Another common way of writing songs in hip-hop and R&B is to use a track written by another producer as a starting point, and in the case of 'Headlines', the starting point came from fellow Toronto producer Boi-1da who, with some help from one A. Palman, provided the basic string staccatos and synth arpeggios that resulted in a slightly more full-on and energetic arrangement than is usual for Drake. 40 elaborates: "Boi-1da sent us the beat as a stereo MP3, and Drake loved it, so I popped it into Pro Tools and Drake started going to town over it. He probably spent a couple of nights writing. I added quite a lot of stuff to it, like lead lines and extra basses and pads, some 808 rides, that sort of drive the record. All these additional tracks are marked '40' in the session.

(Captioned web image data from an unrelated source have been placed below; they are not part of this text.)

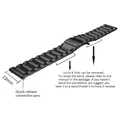 Bracelet métal 20 à 22 mm pour Samsung et Amazfit – 3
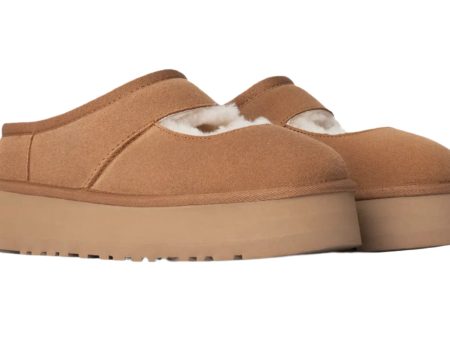 UGG® Women s Bea Mary Jane - Chestnut Online Sale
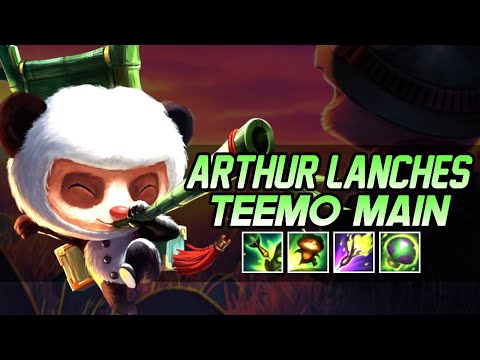 Arthur Lanches "Teemo Main" Montage | Best Teemo Plays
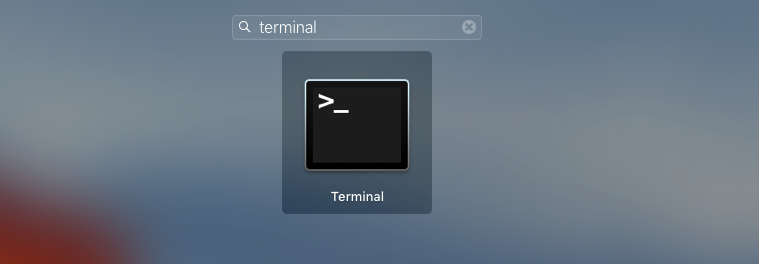 abrindo terminal no mac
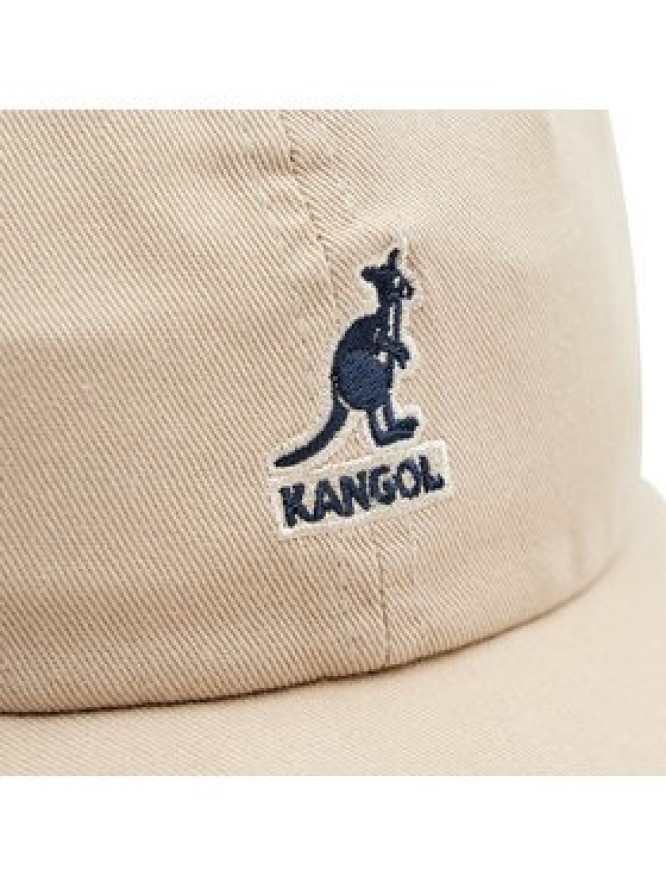 Kangol Czapka z daszkiem Washed Baseball K5165HT Beżowy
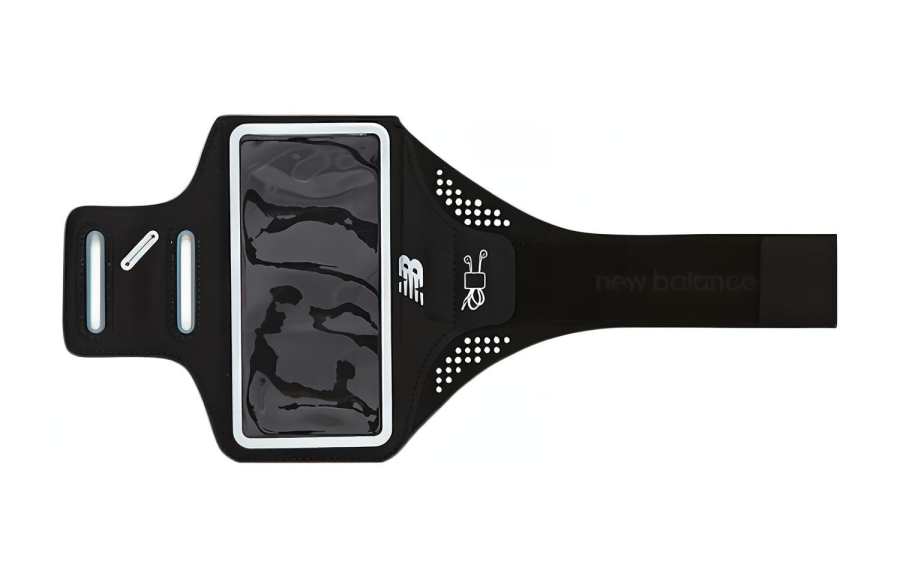 New Balance New Balance Nylon Cell Phone Pocket Cell Phone Pouch Regular Unisex Black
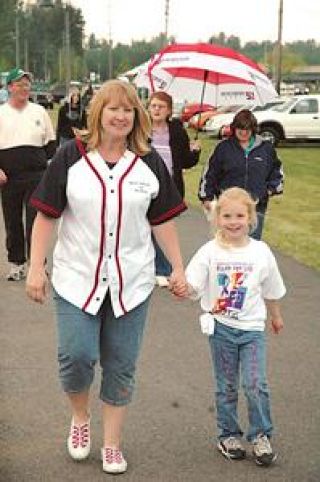 Abby's wish benefits Buckley's Relay For Life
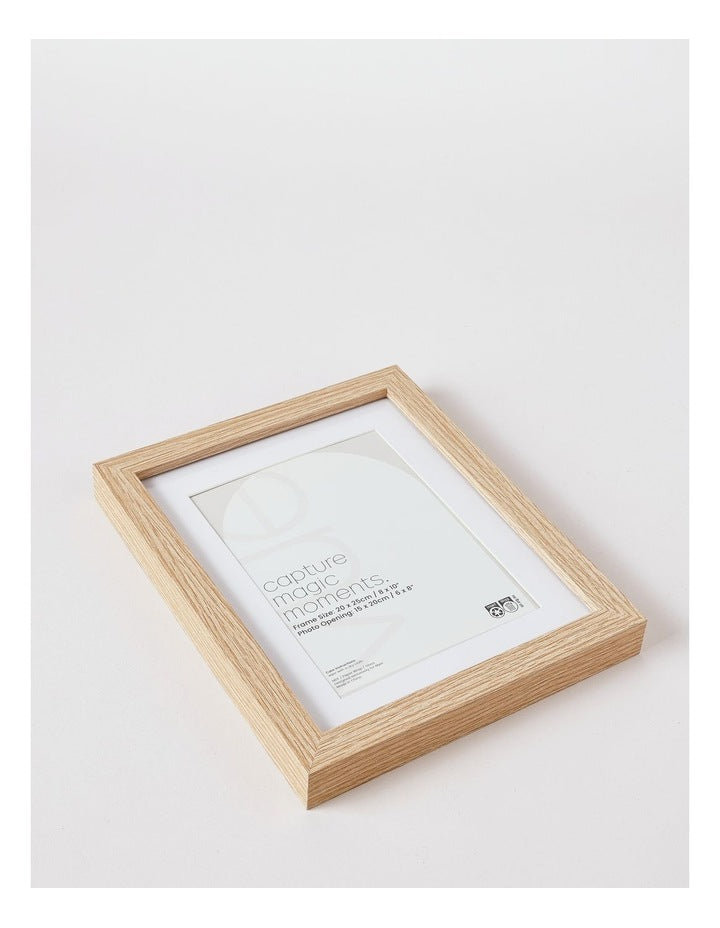Photo Frame 20x25/15x20cm in Natural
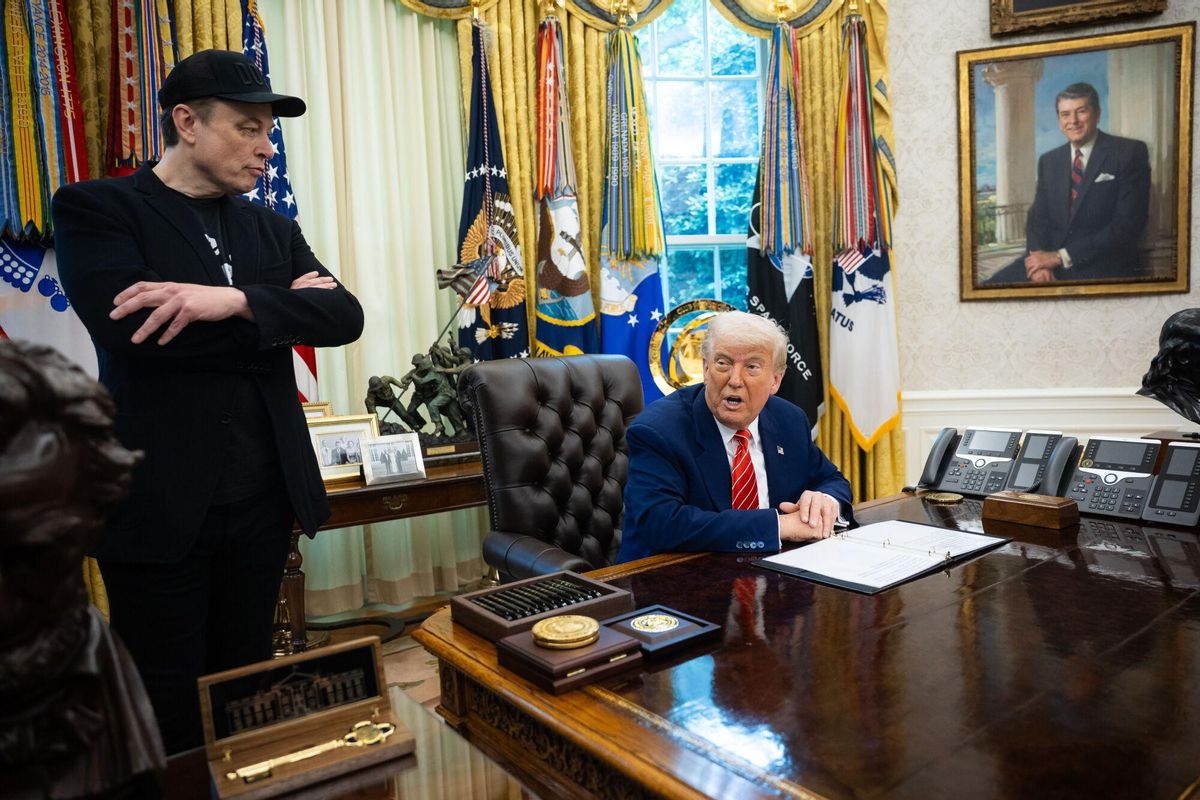 Trump i els EUA, sis mesos sense frens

"At some point while Drake was writing to the stereo MP3, I was calling Boi-1da, begging and demanding all the exported separate files of his session. I then swapped those for the MP3 tracks, so by the time Drake had finished writing, he was working against the separated files, which I used to arrange the record. Some of Boi-1da original parts were removed or muted. I really buried my hands in the arrangement. I recall that we took all the drums out at that point, but then decided this didn't work, so we put the kicks back in. The arrangement got changed and edited and I added my parts, thickening the bass and adding pads and the melody synths. I looked at the Boi-1da track from a mix perspective and added things that I couldn't achieve just by mixing. We also called in Divine Brown to add some vocals, because there's some male-female call-and-response in the song, so she could give the female perspective and add thickness to the chorus. This happened over three or four days of Drake and I working alone at my studio.

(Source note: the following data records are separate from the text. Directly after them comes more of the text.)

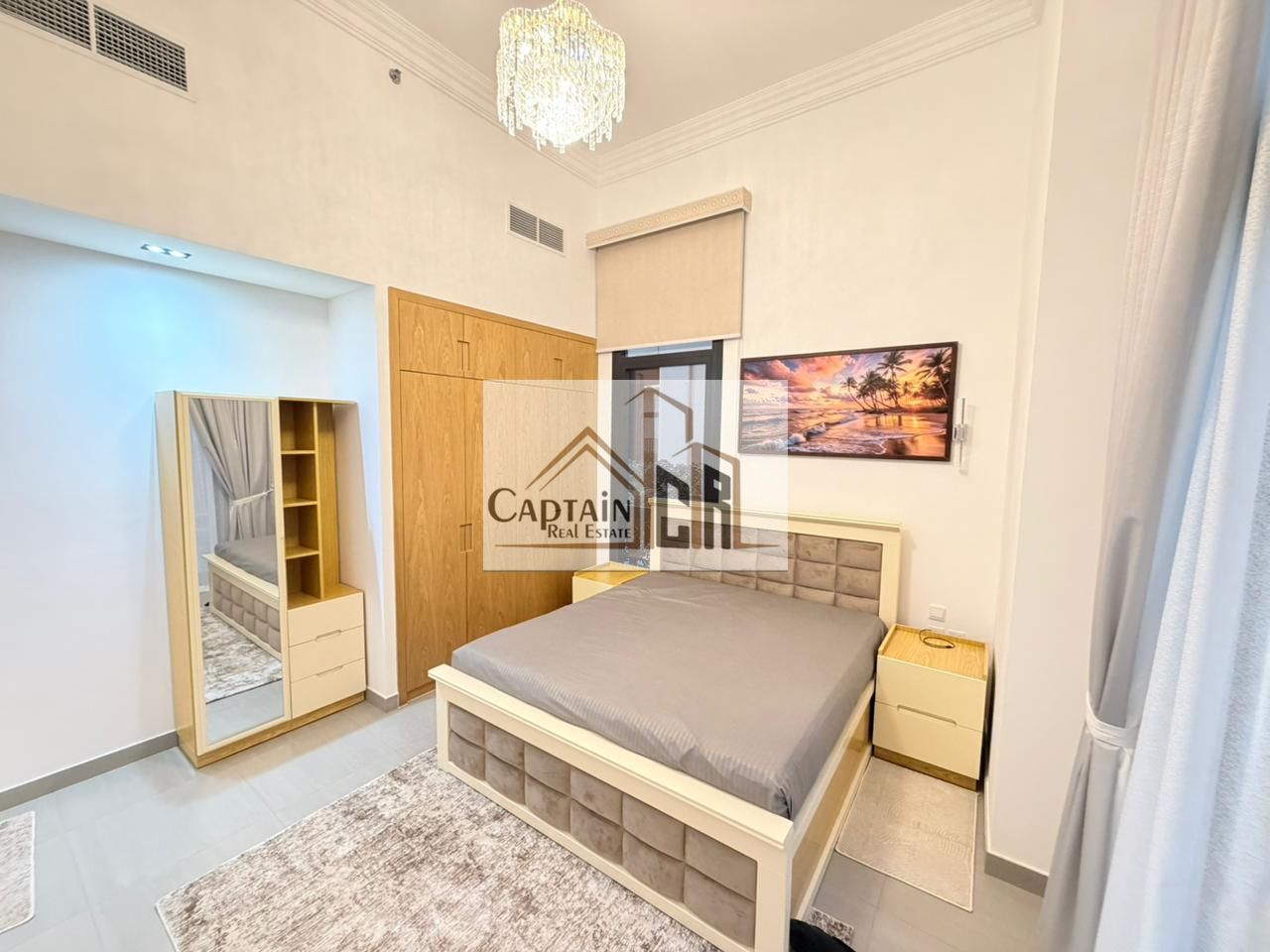 Elegant 2BHK Ground Floor Apartment with Private Garden for Rent in Al Mamsha
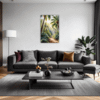 Sunlit Palm Grove Living Room Demo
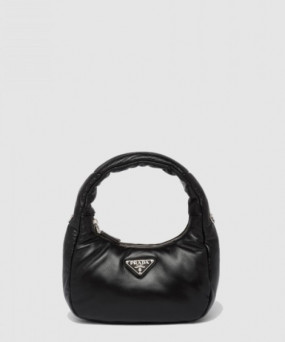 프라다 소프트 패딩 나파 미니백 1BA384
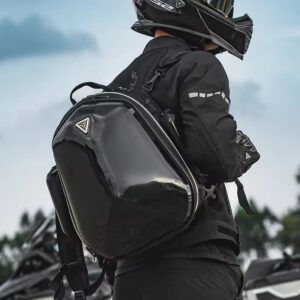 Balo Buộc Sau Xe, Túi Ràng Yên Xe Motowolf MDL 0705B - Ảnh 6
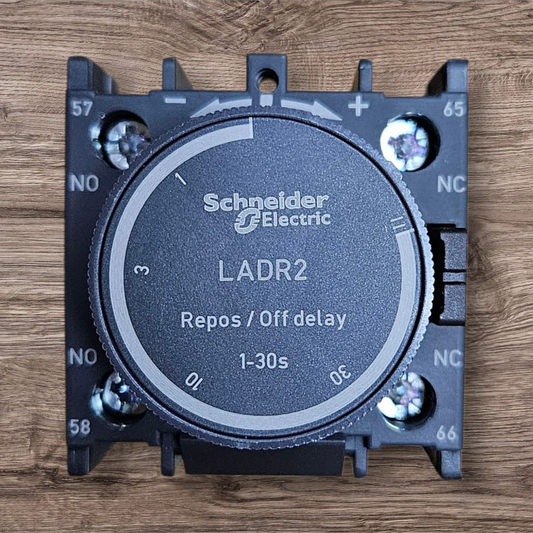 Schneider LADR2 Off Delay Time Block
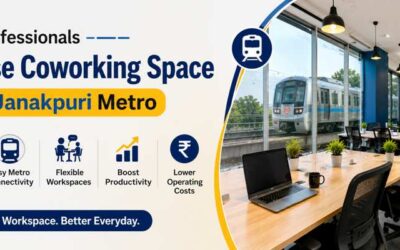CO-OFFIZ Coworking Space Janakpuri Metro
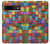 S0816 Puzzle Case For Google Pixel 8a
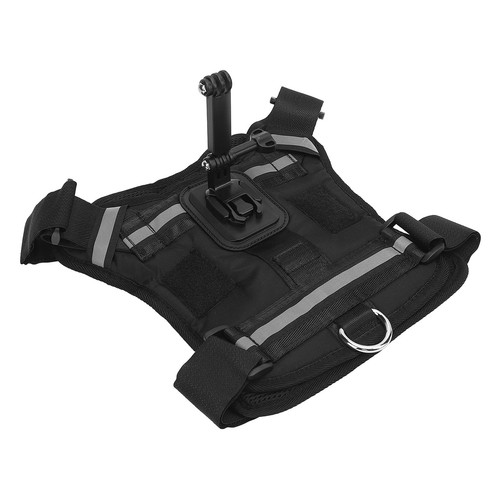 Dog Harness Mount for Action Camera Nylon Chest and Back Fixation Pet GFL - Picture 11 of 12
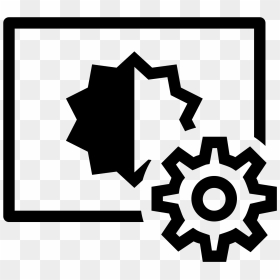 Brillo Automático Icon - Administration Icon, HD Png Download - brillo png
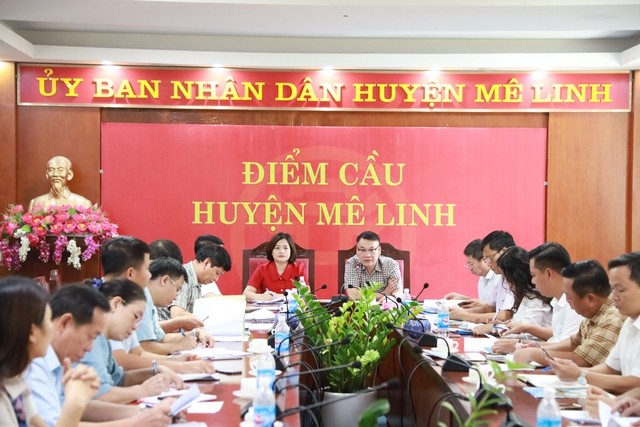 Huyện Mê Linh: Giám sát đầu tư, khai thác, quản lý và sử dụng các thiết chế văn hoá - thể thao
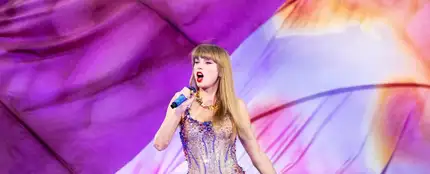 Taylor Swift, en un concierto de The Eras Tour Taylor Swift, en un concierto de The Eras Tour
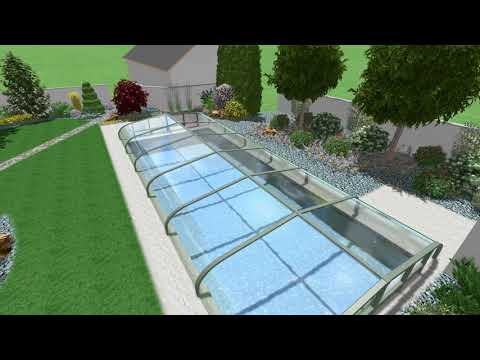 návrh záhrady Tichá, D Lužná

"I am adding plug-ins and mixing and tweaking the record as I go along, but at some point, once we know the record is real and we need to step it up a level, I take sessions to Metalworks Studios for the final mix. Boi-1da and T-Minus both use Fruity Loops to do their beats, and until recently it only spat out 16-bit files, so I almost always end up putting these through the 80-input SSL 4000 G+ at Metalworks Studio 2. I also stick them through some other analogue gear, like a Pultec, or Neve 1073s or LA2As. Metalworks have a bunch of great Pultecs, and I love hitting them! It's to give these files more feel and life, and I then track them back into Pro Tools at 24/44.1. You can upgrade a 16-bit file to 24 bits in the computer, but this doesn't add anything; plus in-the-box processing will give you bit loss and degradation, and by the time you spit it out, it won't be the same. From Drake's perspective, it's also nice to go to Metalworks, because they have a big room and we can get a crowd in there that he can entertain. They have a pair of Augspurgers and subs in one room that we can really crank up!
"After running the 16-bit stuff through the analogue domain, I remained in the box for this record. As I said before, our approach is always different, so in some cases I lay everything out over the SSL, in some cases I do everything in the box, and sometimes it's a combination of the two, like in this record. But a lot of my instruments are Pro Tools-based, so why would I want to leave the box? Everything is recorded at 24-bit, at extremely high quality, so apart from the issue with upgrading 16-bit files, it's rare that I think about running stuff through old gear and risk having crackles and other headache-inducing stuff. In general, I want it as clean as humanly possible. Mixing 'Headlines' happened very quickly. Most of the plug-ins on it were opened during arranging and tracking, and because of the vocal chains we use, Drake's vocals are in pretty good shape by the time the recordings are done. In general, the records are nearly finished. Drake suddenly said, 'Hey, let's put it out tonight,' and I replied, 'OK, give me a few hours!' So I took the session to Metalworks, where I put the Boi-1da stuff through the analogue gear, tweaked the rest in the box for three hours, and before I knew it, it was done.”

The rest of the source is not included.